Cephalopods, like the octopus and cuttlefish, might not have the mass appeal of sharks or baby penguins, but they’re not any less amazing. When threatened (or hunting) these sea creatures are able to summon up instant camouflage, bathing their exterior in patterns and colors that allow them to blend in perfectly with their surroundings.

For centuries, this instinctive cloaking ability has existed only in nature, but now Harvard robotics experts are close to recreating this type of camouflage in a lab. This latest bit of bio-mimicry involves soft, silicone-based robots with a web of tiny channels flowing through their silicone skin. When triggered, these channels fill with dyes that allow the bots to blend in to their surroundings, or stand out in stark contrast.

The study, published in the latest edition of Science, proves that building robots to operate only like mammals might be a mistake. By incorporating the muscle structure of cephalopods, it could open up an entirely new world of flexible, self-camouflaging robotics.

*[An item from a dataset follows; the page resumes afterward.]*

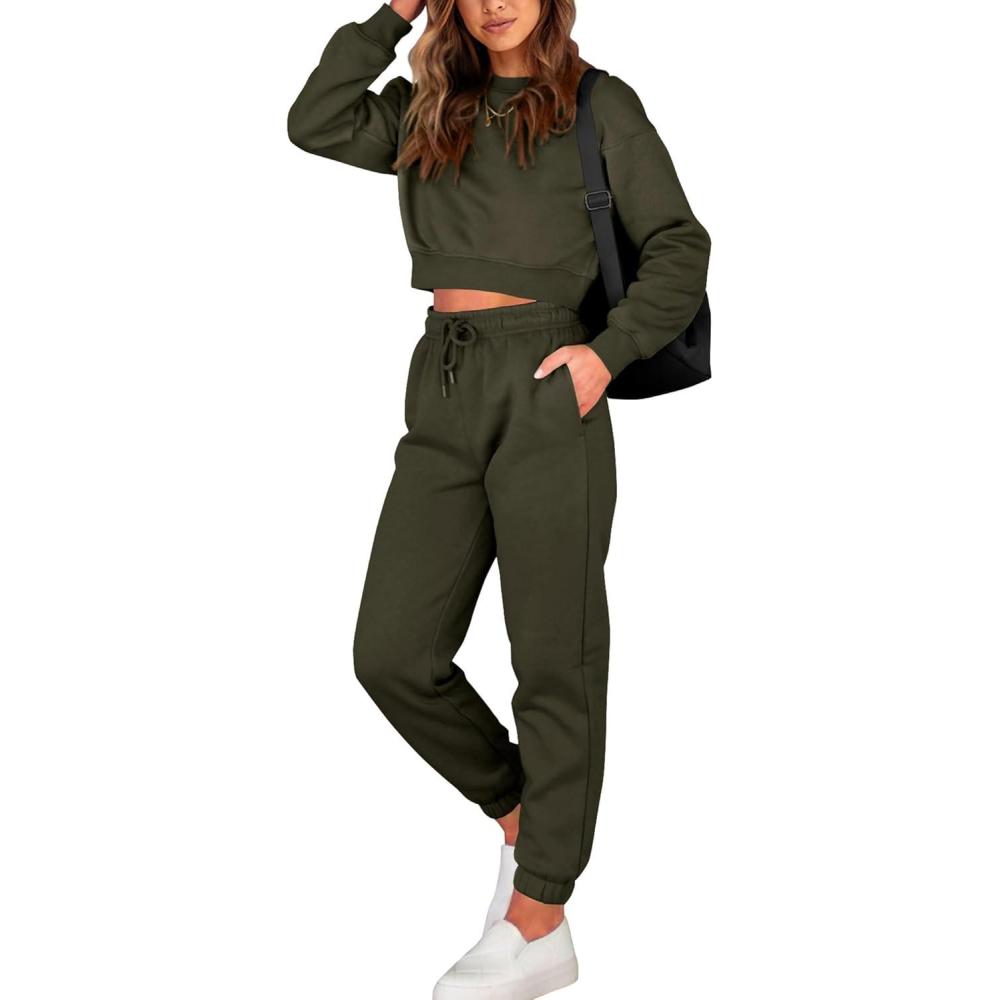 imageBTFBM Women 2 Piece Outfits Long Sleeve Crop Top Pullover Drawstring Pant Jogger Set Casual Sweatsuits Tracksuit PocketsArmy Green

“Such a ‘dynamic coloration’ system could one day have a host of uses, ranging from helping doctors plan complex surgeries to acting as a visual marker to help search crews following a disaster,” said Stephen Morin, a postdoctoral fellow in the Harvard Department of Chemistry and Chemical Biology and lead author of the paper.

Creating robots that could mimic the movements of an octopus was no easy feat. In 2011, the research team published a paper in the Proceedings of the National Academy of Sciences (PNAS) that outlined details of a “soft robot” that could crawl and bend under obstacles. The machine was made from silicon-based polymers, and its movement was driven by air pumping through tiny cylinders in its four “legs.”

Adding the channel system throughout the faux epidermis adds another layer of complexity to these squishy robots. In addition to changing color, hot or cold fluids can be pumped into the channels, enabling the robots to be thermally camouflaged, while fluorescent liquids allow them to glow in the dark.